A few weeks later I saw the final product. It wasn’t perfect, but I didn’t care because it was cool and certainly fresh. After watching the movie it was obvious to me that Matty had raw editing talent. The guy had a feel for rhythm and without any professional training he actually put a decent episode together. Editors are born in my opinion, they are not made. Matty was a natural.

A month later we shot the second episode. Everyone, including myself, was a lot more jacked up. We spent more time on pre-production. Our narrative was also a bit more complex, there were more elements involved. I loved the story and the feeling it gave me.

In the second episode Nick was also filming; we had three cameras rolling, a “lekker” “Boerewors” on the fire and a brandy-and-Coke in hand. To be honest, the “Boerewors” never burnt. How I’m not sure, because those flames were damn hot?

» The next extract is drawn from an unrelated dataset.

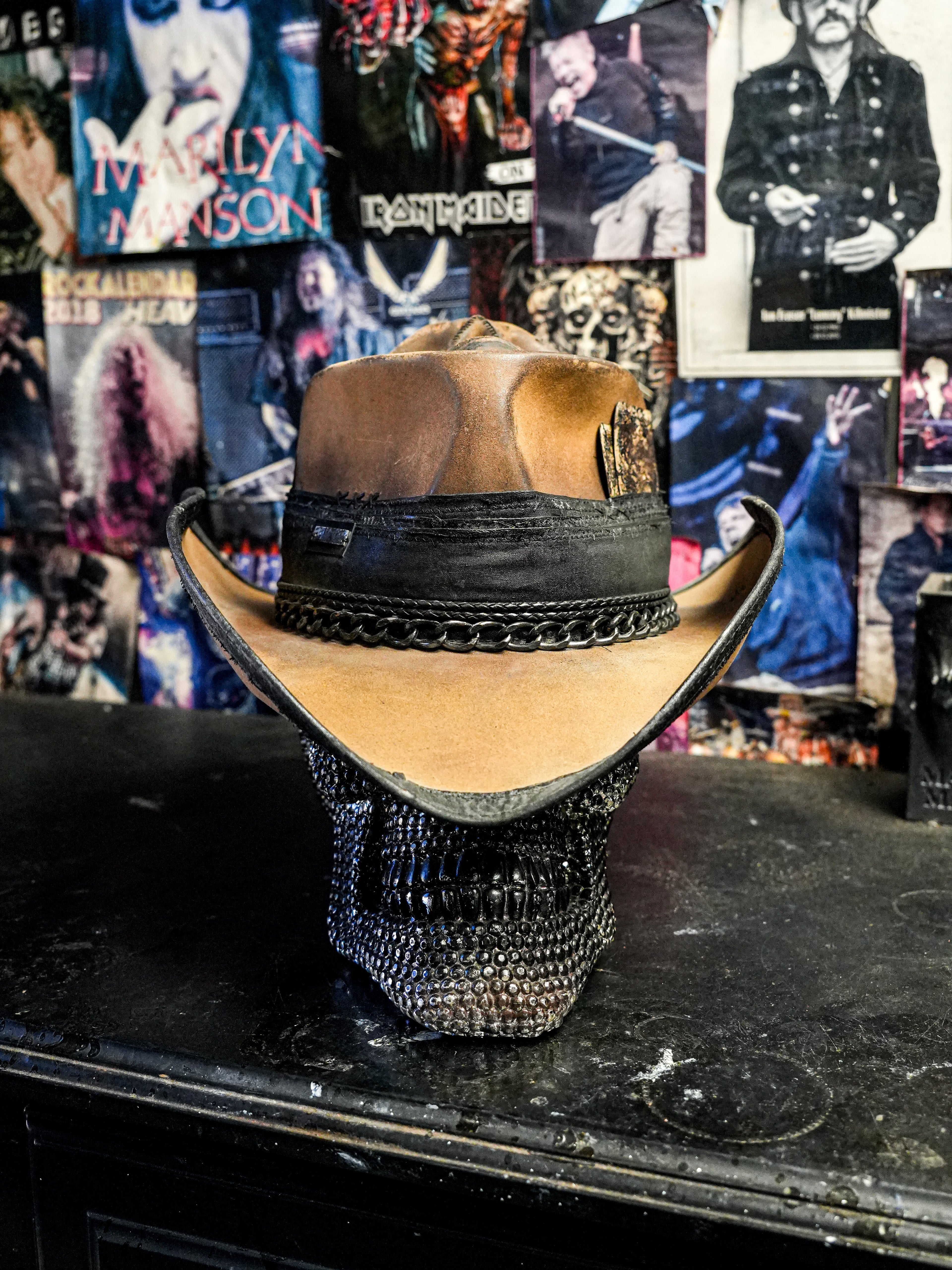 MEMENTO MORI - Blade Hats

Gordon multi-tasking in Fanie's Zonker
Gordon multi-tasking in Fanie’s Zonker

Five weeks after the first ‘production’ we published Fanie’s Zonker on youtube. The interest’s been good and current indications are that there will be a third episode and perhaps a fourth, and a fifth, and maybe many more? That’s Fanie’s story, a simple idea that was initiated with an ugly kob fly and a cell phone. Special thanks to the two crazy guys, Nick and Matt, who followed the plan through. Long live FlyBru!